◆ What this task involves: Only the lines below from the one containing "5 мм флок Модель" through the one containing "El Teatro Juan" belong in the answer, set down exactly, with the pictures left out.

═════ Data provided

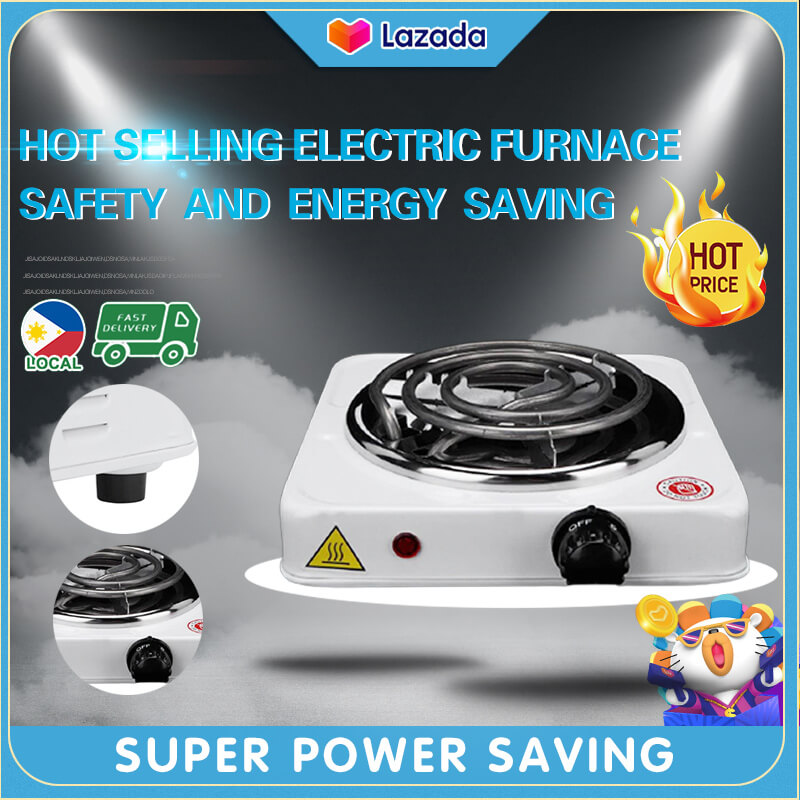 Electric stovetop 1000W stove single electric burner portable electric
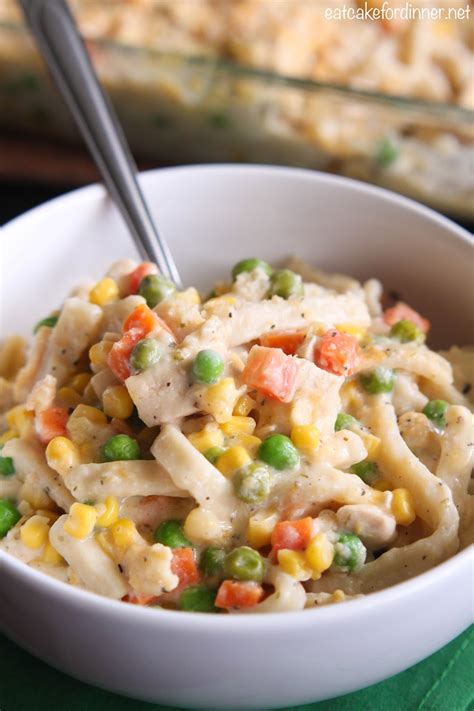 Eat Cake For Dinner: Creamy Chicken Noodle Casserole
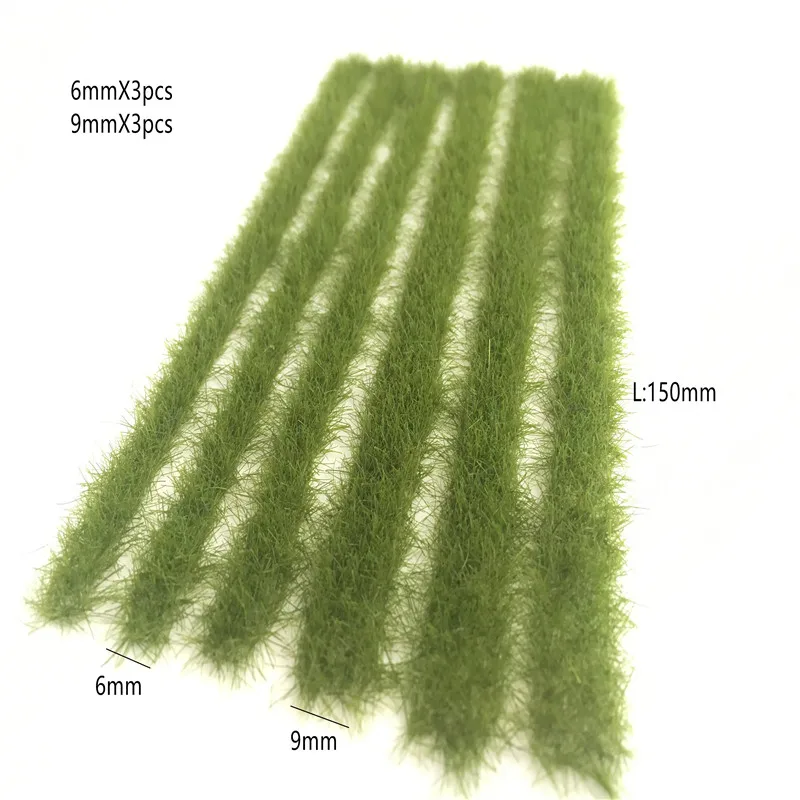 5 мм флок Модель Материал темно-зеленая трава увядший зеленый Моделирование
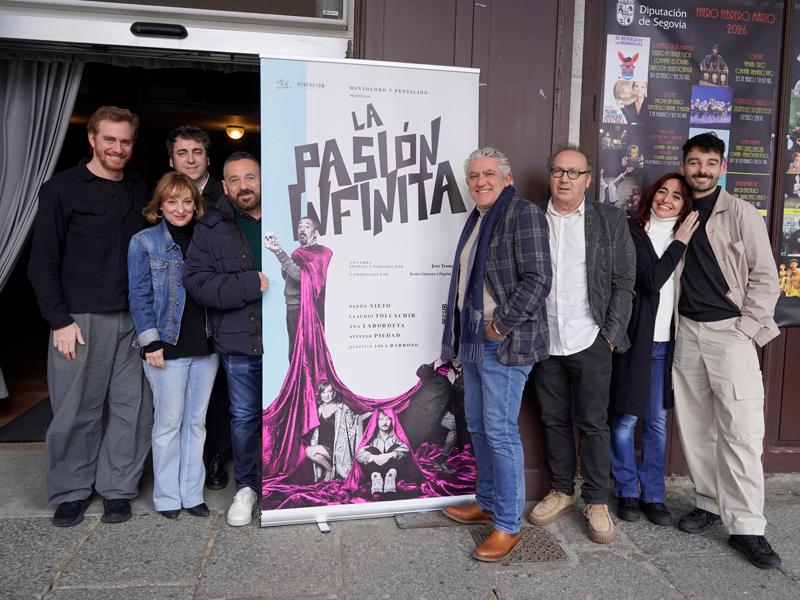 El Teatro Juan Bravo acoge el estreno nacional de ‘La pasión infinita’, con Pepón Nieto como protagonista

══════════
═════ Data provided

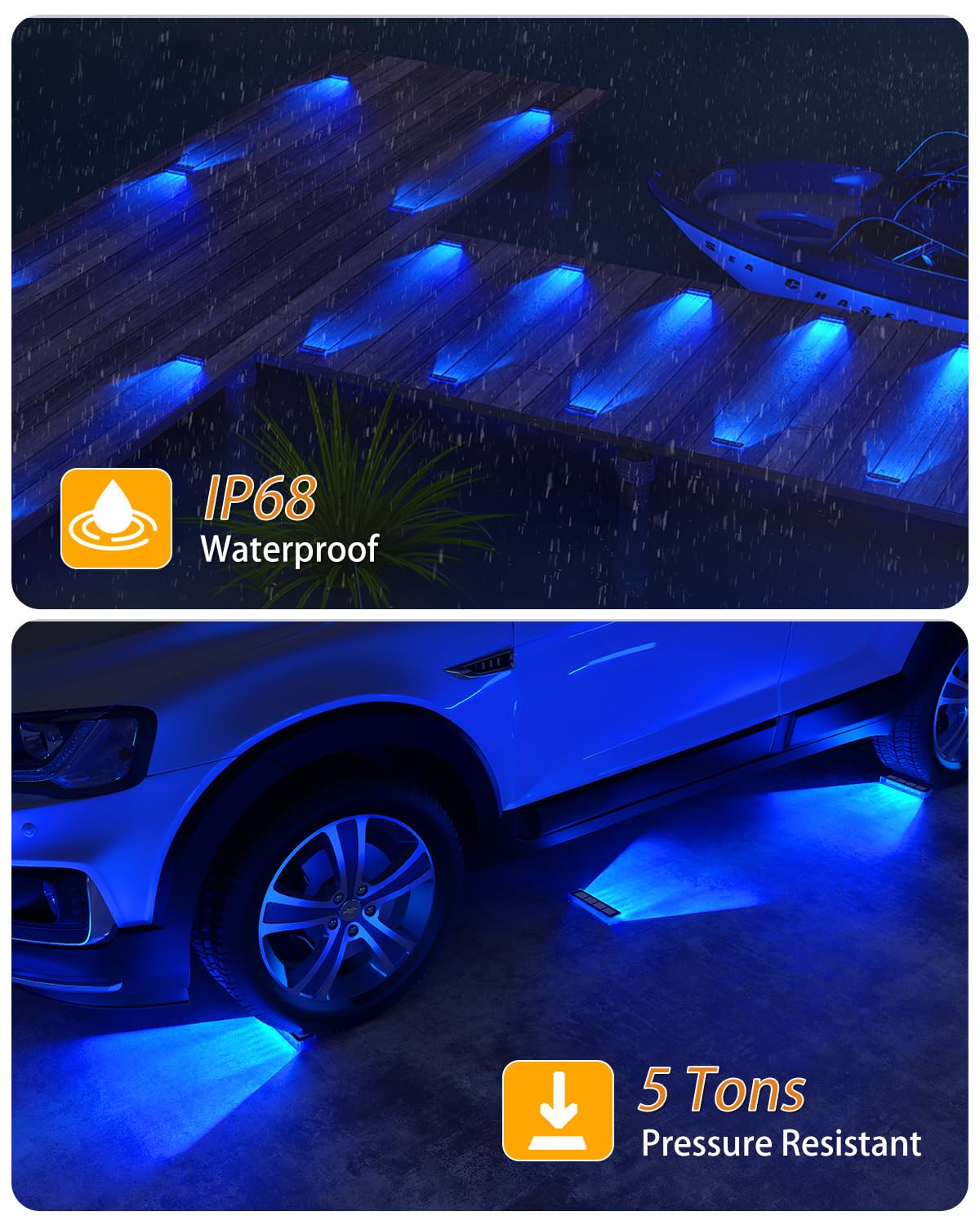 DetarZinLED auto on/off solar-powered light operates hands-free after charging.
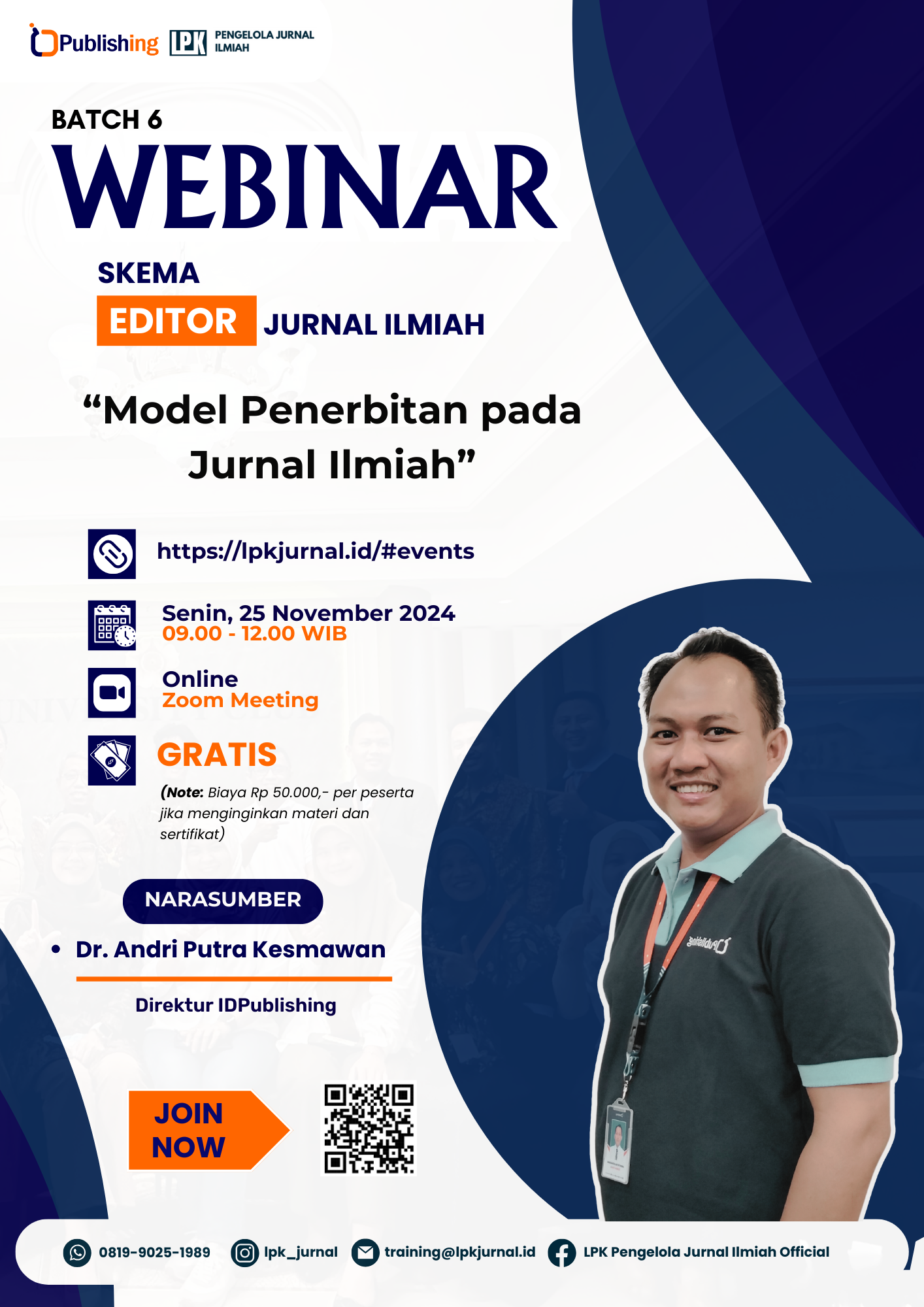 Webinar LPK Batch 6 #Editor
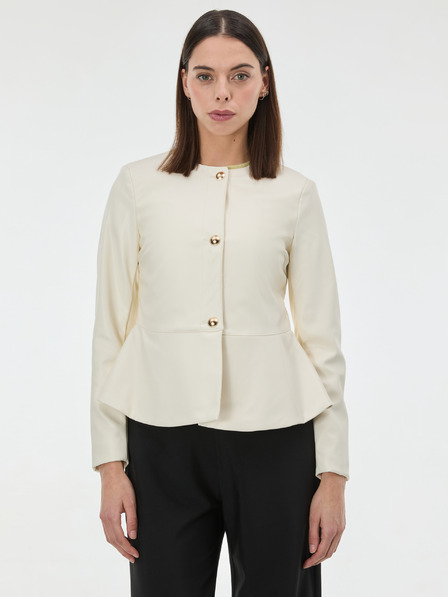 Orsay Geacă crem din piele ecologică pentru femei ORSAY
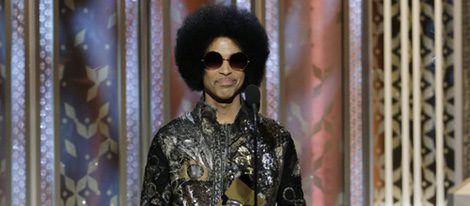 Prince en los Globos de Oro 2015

══════════

◆ Worked solution:
 5 мм флок Модель Материал темно-зеленая трава увядший зеленый Моделирование
 El Teatro Juan Bravo acoge el estreno nacional de ‘La pasión infinita’, con Pepón Nieto como protagonista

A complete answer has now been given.